- Opening Delimiter -

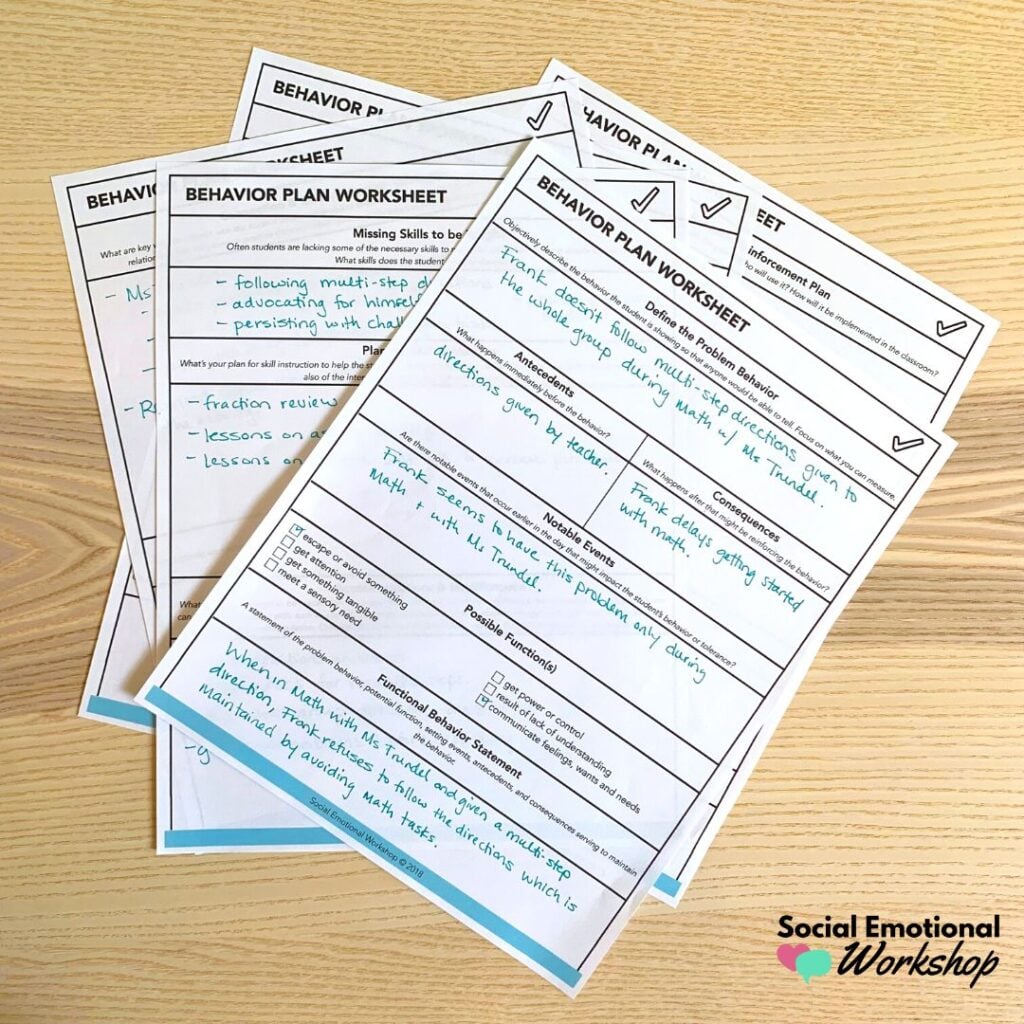 Use Reinforcement Surveys to Improve Behavior Plans | Social Emotional ...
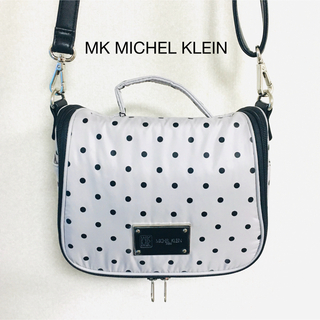 エムケーミッシェルクラン(MK MICHEL KLEIN)のMK MICHEL KLEIN 2wayドットコスメポーチ バッグ  新品(ショルダーバッグ)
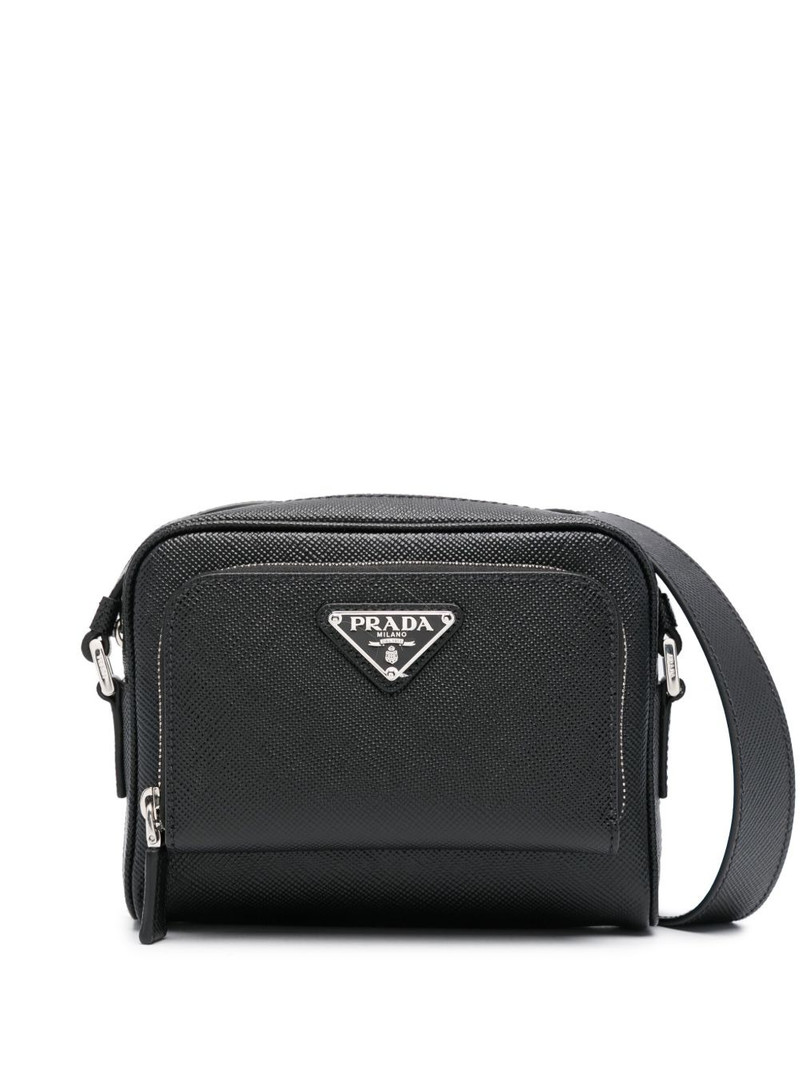 enamel-logo messenger bag 1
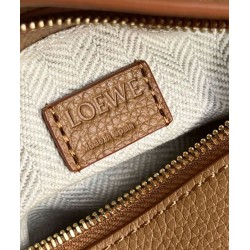 Loewe Puzzle Mini Bag Pelle di vitello granulata toffee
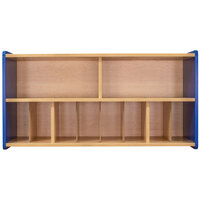 Tot Mate TM2336R.S3322 Royal Blue and Maple Laminate Diaper Wall Storage - 46 inch x 15 inch x 23 1/2 inch; Unassembled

- Closing Delimiter -

[The problem] This task asks for the data above repeated exactly, without a single picture.

[Output for this task]
 Use Reinforcement Surveys to Improve Behavior Plans | Social Emotional ...
 エムケーミッシェルクラン(MK MICHEL KLEIN)のMK MICHEL KLEIN 2wayドットコスメポーチ バッグ  新品(ショルダーバッグ)
 enamel-logo messenger bag 1
 Loewe Puzzle Mini Bag Pelle di vitello granulata toffee
 Tot Mate TM2336R.S3322 Royal Blue and Maple Laminate Diaper Wall Storage - 46 inch x 15 inch x 23 1/2 inch; Unassembled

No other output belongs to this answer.